Renal Outcomes in Patients with Type 2 Diabetes

Results of a systematic review and meta-analysis [Arch Intern Med. 2012;172(10):761-769] did not find evidence showing that intensive glycemic control reduces the risk for significant clinical renal outcomes despite finding that it reduces the risk of microalbuminuria and macroalbuminuria.

Although current guidelines from the American Diabetes Association recommend intensive glycemic control for preventing renal disease based on evidence showing an improvement in albuminuria, a surrogate marker for renal disease, no evidence has shown a direct association between intensive glycemic control and reduced renal disease.  Because intensive glycemic control is not without risk, and has been shown to increase mortality risk in the ACCORD (Action to Control Cardiovascular Risk in Diabetes) study, recommending intensive glycemic control for patients with diabetes is increasingly problematic for physicians.

To summarize the benefits of intensive glycemic control versus conventional control on kidney-related outcomes for adults with type 2 diabetes, investigators pooled data from 7 randomized clinical trials that compared surrogate renal end points (microalbuminuria and macroalbuminuria) and clinical renal end points (doubling of serum creatinine level, end-stage renal disease [ESRD], and death from renal disease) in patients treated with conventional versus intensive glycemic control.

The selected trials were based on a systematic review of 3 databases for trials published between January 1950, and December 2010 that randomly assigned people with type 2 diabetes to conventional or intensive glycemic control, assessed progression or development of kidney disease, and involved patients with stable disease in the outpatient setting only. No studies of patients undergoing treatment in an acute hospital setting were included.

Data, pooled from the 7 trials, from 28,065 adults who were monitored for 2 to 15 years, were available for analysis. Compared to the patients treated with conventional control, the study found that patients treated with intensive glucose control had a reduced risk for microalbuminuria (risk ratio [RR], 0.86; 95% confidence interval [CI], 0.76-0.96) and macroalbuminuria (RR, 0.74; 95% CI, 0.65-0.85).

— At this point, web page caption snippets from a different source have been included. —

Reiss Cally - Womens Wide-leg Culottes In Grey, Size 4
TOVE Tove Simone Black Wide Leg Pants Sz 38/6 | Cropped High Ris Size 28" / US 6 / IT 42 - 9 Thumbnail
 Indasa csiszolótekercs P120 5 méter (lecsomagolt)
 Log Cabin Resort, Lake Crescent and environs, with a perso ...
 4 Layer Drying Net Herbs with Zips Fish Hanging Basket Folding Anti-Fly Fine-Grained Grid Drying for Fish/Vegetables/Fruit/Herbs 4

However, the pooled analysis did not find an association between intensive glycemic control and clinical renal outcomes. Compared with conventional control, intensive glycemic control was not associated with a reduction in the doubling of the serum creatinine level (RR, 1.06; 95% CI, 0.92-1.22), ESRD (RR, 0.69; 95% CI, 0.46-1.05), or death from renal disease (RR, 0.99; 95% CI, 0.55-1.79].

The cumulative incidence of clinical renal outcomes in the study was low, with <4% of doubling of the serum creatinine level, <1.5% of ESRD, and <0.5% of death from renal disease. In contrast, the pooled cumulative incidence of the surrogate markers was 23% for microalbuminuria and 5% for macroalbuminuria.

Given the results of this pooled analysis, as well as the low incidence of clinical renal outcomes, the investigators concluded that “there is little compelling reason to initiate intensive glycemic control in midstage of disease with the aim of preventing renal failure.”